From the Parish Magazine. January. 1908.

The Editor desires to correct an error which unfortunately crept into the last issue. The collection at the Dedication Service at St. Augustine's Church amounted to £22. O. 6d. - not £2. 2. 6d. as was stated last month.

From the Parish Magazine. March, 1908.

On Monday, February 24th at 3 o'clock in the afternoon, St. Augustine's Church was consecrated by the Bishop of Winchester. The legal ceremony which was witnessed by the clergy, the Churchwardens representing the parish, and the senior sides man of St. Augustine's representing the congregation of that church, was exceedingly brief. After prayer, the Bishop directed the Registrar to read the Sentence or Deed of Consecration, which set forth that owing to growth of population the church had been built "to serve as a chapel-of-ease to the Parish Church of St. Michael, and was now to be consecrated in the name of St. Augustine's, Aldershot". The Sentence was then signed by the Bishop, who formally directed that it should be preserved among the muniments of the Diocese. That formality duly performed, the little service concluded with the Bishop's Blessing.

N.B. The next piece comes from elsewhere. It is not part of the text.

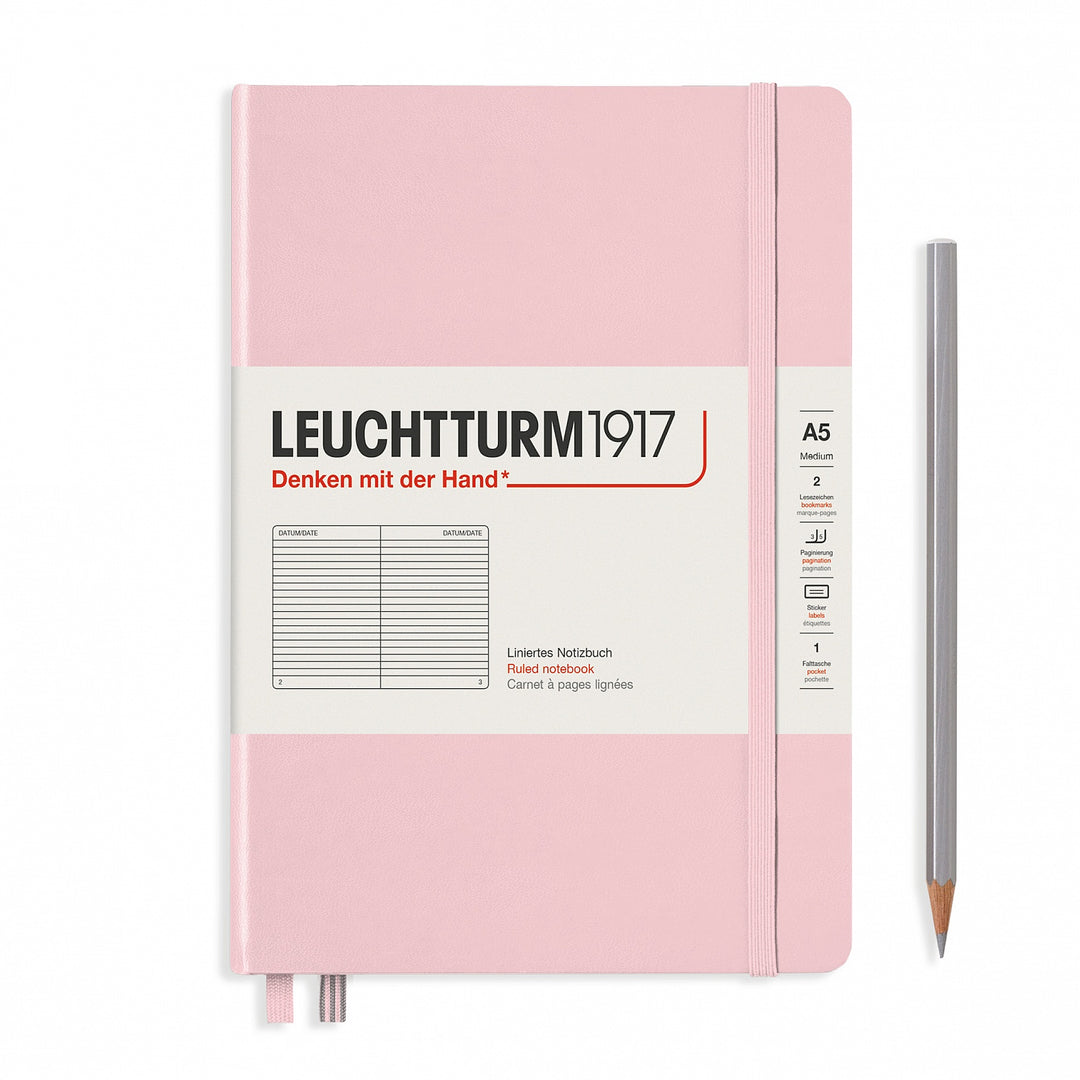 LEUCHTTURM - NOTEBOOK MEDIUM (A5), HARDCOVER, 251 NUMBERED PAGES, POWDER, RULED - Buchan's Kerrisdale Stationery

NOTES AND REMEMBRANCES FROM SOME WHO HAVE MINISTERED AND WORSHIPPED HERE.

Oakhurst, Grayshott

My dear Friends,

Your Vicar has kindly given me the opportunity of sharing with you in the Diamond Jubilee of your Church. I am grateful to him for so doing because St. Augustine's is especially dear to me. It was in Holly Road that my wife and I made our first home together. Here too our first-born son was given to us. The Church was then about twelve years old and in it I was privileged to worship with you for seven years. Much has happened since then. I was particularly glad to know that the Daughter Church of S. Michael's, as it was then, has grown up and become a separate parish with all the privileges and responsibilities attached to it. The completion of the building of the Church was a very worthy undertaking. It shows the love and affection that you all have for it. So I rejoice with you in your Festival and I pray that with God's Blessing you may go from strength to strength in the• years that lie ahead.
With all good wishes,
Yours sincerely,
J.H. Partridge. (Canon Partridge was priest-in-charge of St. Augustine's 1920-26).


 




FROM MR. WALTER GILMOURE, 57, SOUTHBOURNE GROVE, BOURNEMOUTH

Reverend E.G.S. Wickham. I joined the boys' choir when the Reverend J.W. Partridge was Priest-in¬-charge, and Frank Varney was organist and I recollect the choir going to Wyke Church to sing at his wedding. The biggest impact on me personally was made with the coming of the Reverend A. Hamilton Douglas. His Tractarian teaching opened up new visions and inspiration in Sacramental worship, and to teach us he had some of the best preachers of the day. A look through the Parish Register with its long list of• signatures will testify to that. Fr. Harold Ellis, C.R., who took the Mission; Fr. Paul Bull, C.R., Bro. Douglas of the Franciscans; Fr. Andrew, S.J.E. (poet and author); Fr. Nottage who took a teaching convention, and so many more, not forgetting the Vicar, Canon H. Le Fleming who supported Fr. Douglas through all. And look at the list of servers - a good crowd. They are now scattered over the country but many would agree that the experiences of those days has helped in the ups and downs of life since. Fr. Roger Francis carried on the work, including the war years and he put S.A.C.C.A. on a firm footing.
Becoming a separate parish under Fr. Long, and the completion of the church later on (I missed this) must of course be high-lights in North Town history.
But through all the years there has been that faithful band of the laity who have worked so hard and whose loyalty and service have been second to none. We have yet to produce our first priest from the parish and then our joy will be full.
So, Happy Birthday. God bless you. The best is yet to come.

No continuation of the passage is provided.